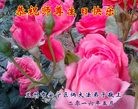ֹ,󷨵ӹ編ִʦ𻪵(23)
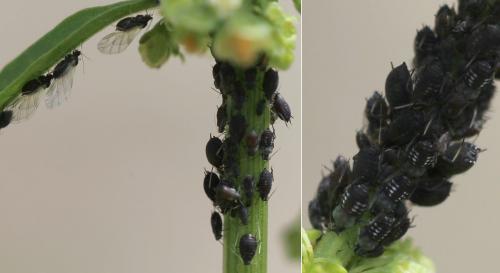 Réf. 165 114 : Aphis sp.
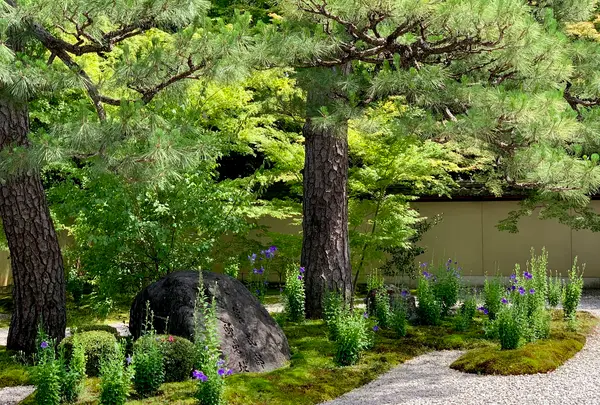 廬山寺の写真・動画_image_436149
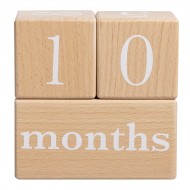 Pearhead Milestone Blocks - Grey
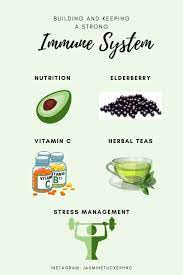 Building And Keeping A Strong Immune System One Caffeinated Mom Food For Digestion Immune System Good Health Tips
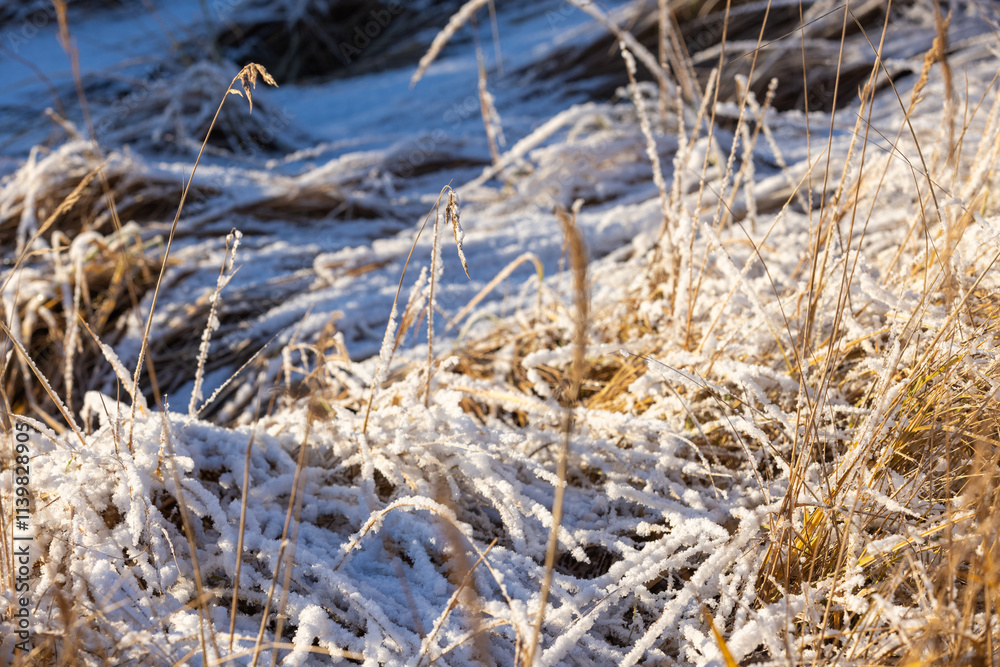 Fototapeta premium Dry coastal grass is covered with white snow on a sunny winter day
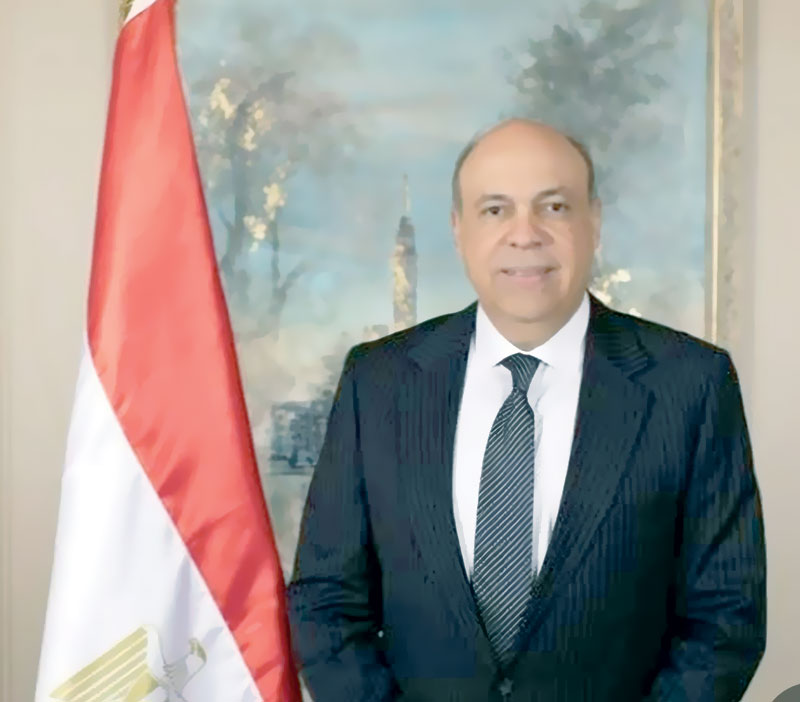 سامح الحفنى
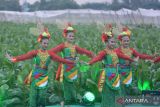 Sejumlah penari menampilkan Tari Lah Bako di lahan tembakau dalam festival Jember Kota Cerutu Indonesia (JKCI) ke-5 di Jember, Jawa Timur, Sabtu (22/7/2023). Festival JKCI tersebut digelar karena Jember sebagai sentra tembakau dan cerutu di Indonesia, dengan produksi cerutu Jember 9.000 ton per tahun dan melibatkan 90 ribu petani. ANTARA Jatim/Seno/zk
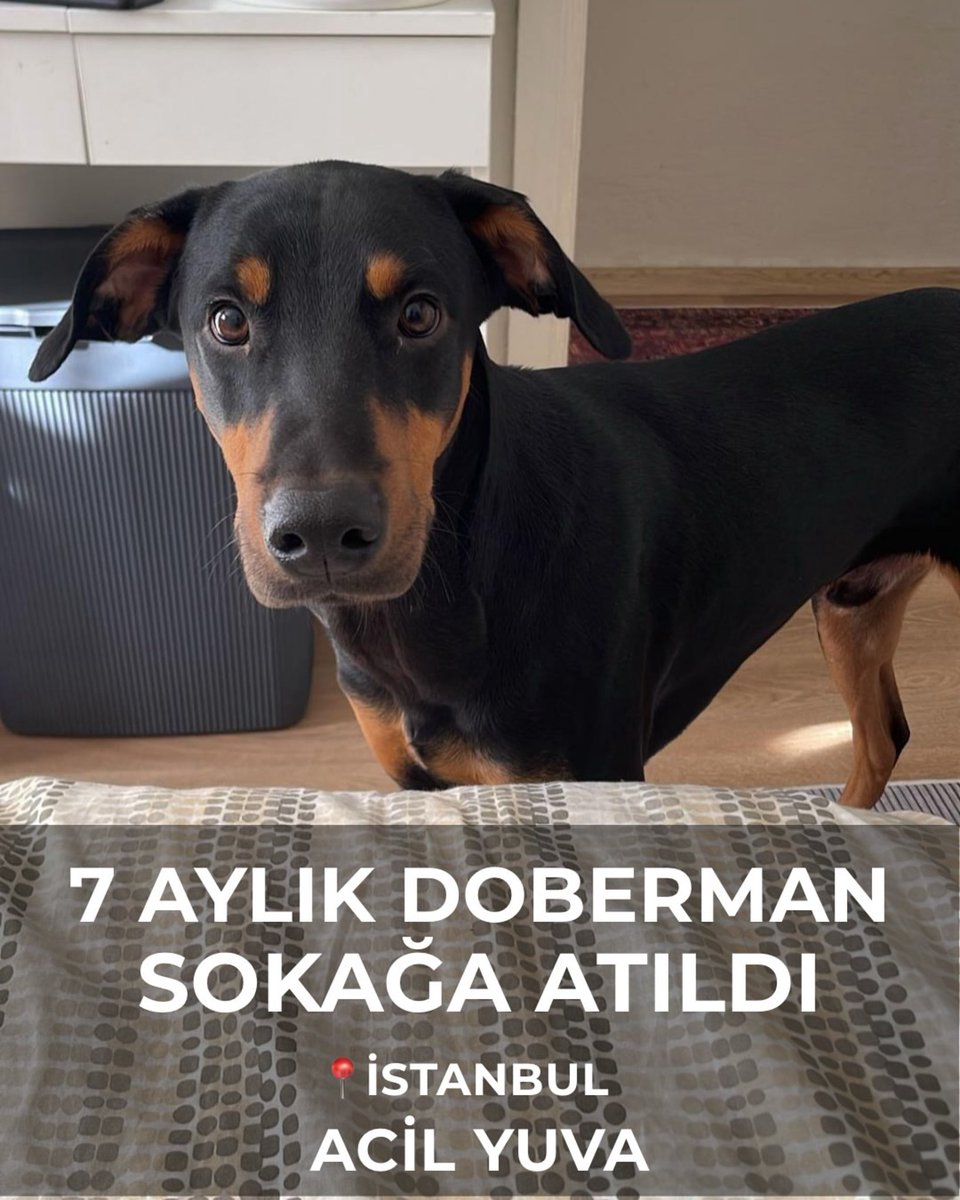 patiye_umut's tweet photo. ‼️ İSTANBUL – ACİL YUVA

7 aylık DOBERMAN ERKEK SOKAĞA ATILDI.

Daha yavru ama terk edilmeyi yaşadı.
Şu an geçici olarak güvende.

Acil sorumluluk sahibi bir yuva aranıyor.

📍 İstanbul  
⚠️ Kısırlaştırma şartı  
📞 0545 546 67 24

RT ile yuvalanmasına yardımcı olabilir misiniz? https://t.co/pfd6HHRCIL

WHAT IS EXPECTED: With pictures removed, write out exactly each line of the entries from the first through the line that holds "Sejumlah penari menampilkan".

THE ANSWER:
ֹ,󷨵ӹ編ִʦ𻪵(23)
 Réf. 165 114 : Aphis sp.
 廬山寺の写真・動画_image_436149
 Pearhead Milestone Blocks - Grey
 Building And Keeping A Strong Immune System One Caffeinated Mom Food For Digestion Immune System Good Health Tips
 Fototapeta premium Dry coastal grass is covered with white snow on a sunny winter day
 سامح الحفنى
 Sejumlah penari menampilkan Tari Lah Bako di lahan tembakau dalam festival Jember Kota Cerutu Indonesia (JKCI) ke-5 di Jember, Jawa Timur, Sabtu (22/7/2023). Festival JKCI tersebut digelar karena Jember sebagai sentra tembakau dan cerutu di Indonesia, dengan produksi cerutu Jember 9.000 ton per tahun dan melibatkan 90 ribu petani. ANTARA Jatim/Seno/zk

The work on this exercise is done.